Implementation: This section describes the implementation of the pattern, and represents the solution part of the pattern. It provides the techniques used in implementing this pattern, and suggests ways for this implementation.
Sample Code:
This section has a deliberately brief snip of a filter and its associated filter classes. This is an example of simplified function to higlight the general idea and not how it would be implemented for real.
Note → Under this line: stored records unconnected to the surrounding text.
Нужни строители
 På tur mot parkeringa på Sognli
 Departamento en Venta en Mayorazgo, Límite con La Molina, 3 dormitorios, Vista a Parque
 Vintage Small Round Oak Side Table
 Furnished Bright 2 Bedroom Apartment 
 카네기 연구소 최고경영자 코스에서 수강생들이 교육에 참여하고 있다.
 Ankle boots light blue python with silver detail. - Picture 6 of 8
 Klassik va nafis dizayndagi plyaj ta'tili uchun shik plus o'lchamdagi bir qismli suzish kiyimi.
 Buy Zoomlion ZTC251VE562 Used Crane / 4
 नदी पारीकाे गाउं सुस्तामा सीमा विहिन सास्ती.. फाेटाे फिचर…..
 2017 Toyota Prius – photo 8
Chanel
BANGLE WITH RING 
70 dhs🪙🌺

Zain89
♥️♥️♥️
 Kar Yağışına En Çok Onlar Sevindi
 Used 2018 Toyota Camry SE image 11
In reality the application container that you are using will already have something to base this on like javax.servlet.Filter so try and use that or something similar.
/*
* Filter.java
*
* @author Michael Chester
* @date 2007-03-09
*
* Filter interface used to chain filters, and eventually an
* application adapter.
*
* Filter class used to illustrate a simple interpretation on the
* securilty filter pattern, a factory should initialise the
* private attributes.
*/
public interface FilterInterface {
public void doProcess(Session session, Request request,
Response response);
}
public class EntryGate implements FilterInterface {
/**
* doProcess the filter action
*
* @param session for the current request
* @param request the request that was sent through
* @param response to fill out if authorisation fails
*
* @returns nothing
*/
public void doProcess(Session session, Request request,
Response response) {
response.setResponse("performing filter");
if(authorisor.isAuthorised(session, request, response))
if(validator.isValidated(session, request, response))
filter.doProcess(session, request, response);
}
/**
* Holds value of property validator.
*/
private Validator validator;
/**
* Holds value of property authority.
*/
private Authorisor authorisor;
/**
* Holds value of property filter.
*/
private FilterInterface filter;
}
/*
* Authorisor.java
*
* @author Michael Chester
* @date 2007-03-09
*
* Authorisor interface and class used to illustrate the role and
* function of the authorisation concrete class.
*/
public interface Authorisor {
public boolean isAuthorised(Session session, Request request,
Response response);
}
public class AuthorisorExample implements Authorisor {
/**
* isAuthorised verifies the identity of the requestor
*
* @param session for the current request
* @param request the request that was sent through
* @param response to fill out if authorisation fails
*
* @returns true if authorised, false otherwise
*/
public boolean isAuthorised(Session session, Request request,
Response response) {
/* authenticate on token */
if(session.getAuthenticationToken() != null)
if(session.getAuthenticationToken().equals("validToken"))
return true;
/* or authenticate on identity */
if(request.getIdentity() != null)
if(request.getIdentity().equals("validUser")) {
/* and set a token to validate on next request */
session.setAuthenticationToken("validToken");
return true;
}
/* otherwise the identity is not authorised */
response.setResponse("user not authorised");
return false;
}
}
/*
* Validator.java
*
* @author Michael Chester
* @date 2007-03-09
*
* Validator interface and class used to illustrate the role and
* function of the validation concrete class.
*/
public interface Validator {
public boolean isValidated(Session session, Request request,
Response response);
}
public class ValidatorExample implements Validator {
/**
* example of a request validator, put your code here
*
* @param session for the current request
* @param request the request that was sent through
* @param response to fill out if authorisation fails
*
* @returns true if authorised, false otherwise
*/
public boolean isValidated(Session session, Request request,
Response response) {
/* return true if the task matches */
if(request.getTask() != null)
if(request.getTask().equals("validTask")) return true;
/* false otherwise */
response.setResponse("request is not valid for user");
return false;
}
}
Known Uses:
Due to the nature of security applications and the way that this pattern is applied no implemented uses are mentioned here. However a number of applications are currently using this pattern hosted on the Apache Tomcat Servlet Container engine using implementations based on extending Tomcat’s own filter implementation.
Related Patterns:
This pattern is essentially an extension to or application of the already existing generic filter patterns.